Hace unos años escribí este texto para una revista online, con la intención de explicar en qué consiste mi trabajo. No sé si lo habré conseguido, pero algo de luz seguro que arroja.
Lo digo porque una vez, en El País, tomaron partes de este texto para un artículo (sin yo saberlo). Cuando me llegó el aviso de Google de que mi nombre aparecía ligado a este periódico, lo más divertido fue darme cuenta de que habían incrustado el texto en el reportaje simulando una entrevista conmigo (que jamás ocurrió).
Corrector de textos, un oficio oculto
Tan viejo como la imprenta es el corrector de textos. Aún más, tan viejo como la escritura. Desde que el hombre inventó el alfabeto para poder comunicarse por escrito, siempre ha habido al lado del escribiente una figura que, siguiendo el lema de la Real Academia Española, “limpia, fija y da esplendor”.

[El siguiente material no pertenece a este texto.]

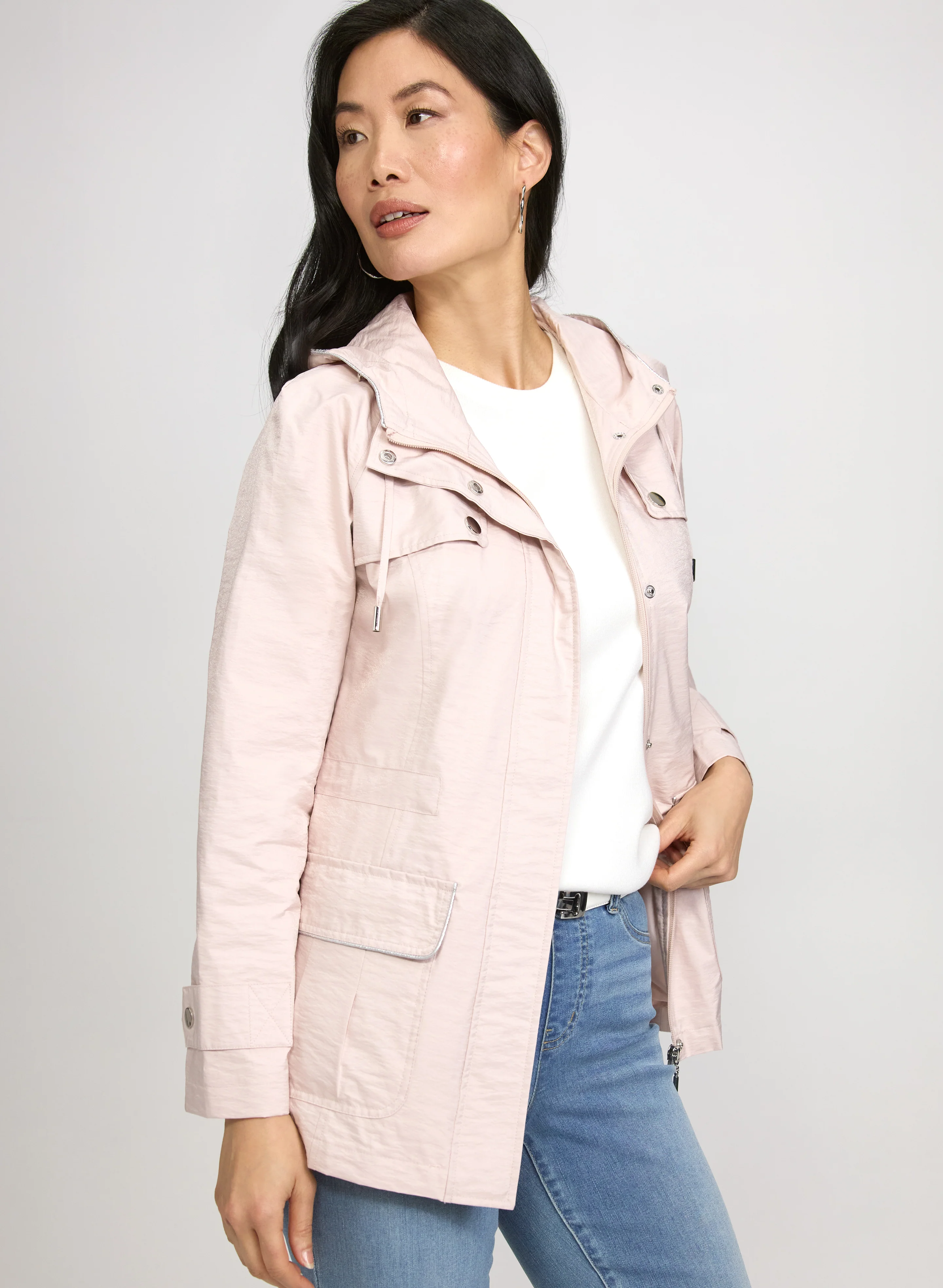 Crinkle Zip Rain Coat - Image 2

Miles de años después de esos inicios, unos pocos cientos después de inventar la imprenta, el oficio de corrector de textos poco ha variado, si nos atenemos solamente al objetivo de su tarea. Han cambiado, eso sí, los medios y las formas. Aunque aún conviven en las imprentas y las editoriales esos personajes que, provistos de un lápiz preferentemente rojo –pero no el rojo de censurar–, anotan en los márgenes de las hojas unos códigos que para la mayoría de los mortales siguen resultando incomprensibles, sus tareas están cada vez más dominadas por la tecnología y por tanto se usa menos el papel y más la pantalla del ordenador.
La tecnología no basta
Pero el corrector de textos, por mucho que avance la técnica y por mucho que la tecnología nos domine, seguirá siendo necesario, al menos mientras los ordenadores no aprendan a pensar. Olvidémonos del corrector ortográfico del procesador de textos, que no sirve, como decía un viejo editor, absolutamente para nada. Si queremos que un texto esté bien escrito, hemos de recurrir al corrector, pero al corrector que se encierra detrás de la segunda acepción del vocablo en el Diccionario de la Real Academia Española, a la “persona encargada de corregir pruebas”. El corrector es una persona, no hay que olvidarlo.

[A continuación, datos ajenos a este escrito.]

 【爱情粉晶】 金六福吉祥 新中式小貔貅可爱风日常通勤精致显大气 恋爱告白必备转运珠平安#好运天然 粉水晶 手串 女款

El corrector de textos está íntimamente ligado al libro. El libro, ese instrumento maravilloso del cual llevan años augurando el final, no sería tal si no hubiera un corrector. Esa persona, una vez escrito el texto por el autor y compuesto el libro por el editor, lee. Y de cada letra, palabra o frase leída analiza la coherencia del discurso, la limpieza de la ortografía y la exactitud de los vocablos. Y donde hay falla, limpia, es decir, marca el fallo e indica la solución, para que el impresor, a su vez, envíe el texto a las máquinas limpio de polvo y paja.
Un oficio agradecido
Es el de corrector un oficio agradecido y, como todos, mal pagado o –mejor dicho– injustamente pagado, porque no hay dinero suficiente para satisfacer los desvelos de estos lectores. Es agradecido porque al tiempo que trabaja, el corrector adquiere cultura o, al menos, algunos de los conocimientos necesarios para poder considerarse culto.

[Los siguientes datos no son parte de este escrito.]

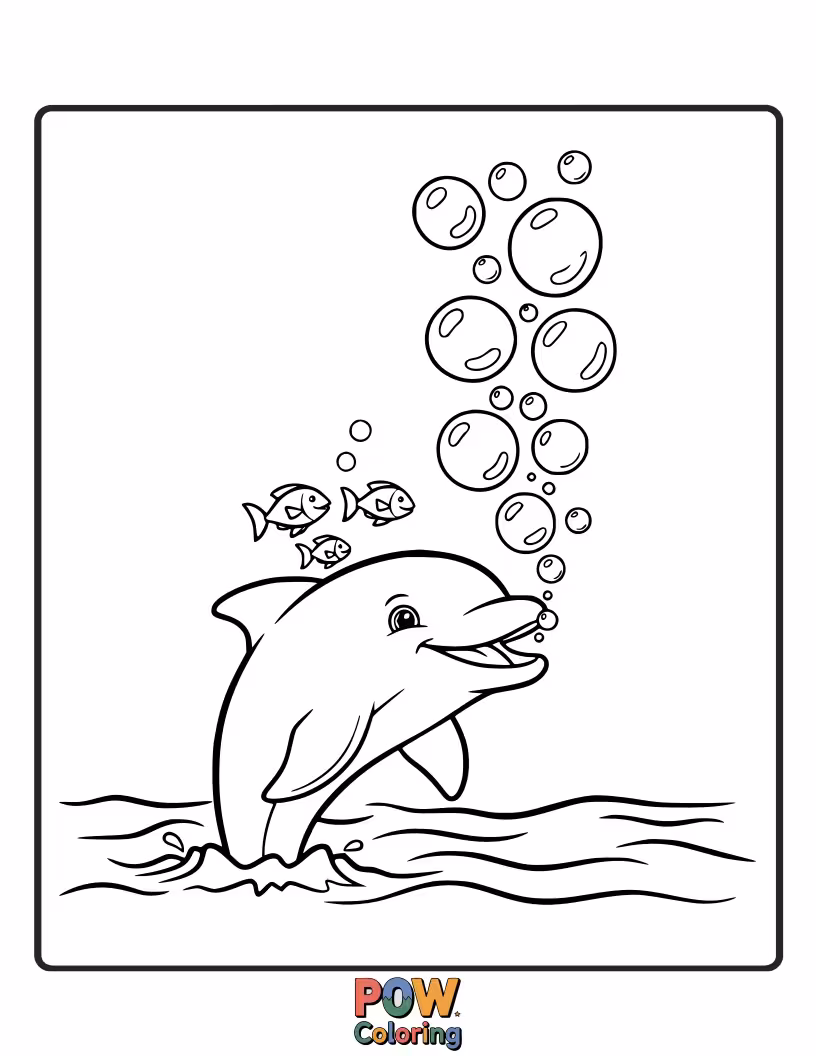 Free coloring page of A playful dolphin blowing giant, iridescent bubbles that float all around.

Es el de corrector un oficio con un feo apellido: “Ortotipográfico”. Es palabra fea y poco ‘digerible’ nada más oírla. Todo el que la escucha se para a pensar en su significado, y algunos lo asimilan rápidamente, pero otros muchos deben recurrir a alguna fuente para averiguarlo. La Academia dice de ‘ortotipografía’ que es “el conjunto de usos y convenciones particulares por las que se rige en cada lengua la escritura mediante signos tipográficos”. Es decir, el corrector atiende al uso correcto de esos signos para que el mensaje que se quiere transmitir sea exactamente el mismo que se transmite, y no otro.
Es el de corrector un oficio invisible, porque todos saben que existe pero nadie lo ve. Sabemos admirar la prosa maravillosa del mejor escritor de todos los tiempos, pero pocos recordamos que detrás de su texto está, también, la mano del corrector, que a veces solo limpia, a veces fija y muchas, bastantes, da esplendor.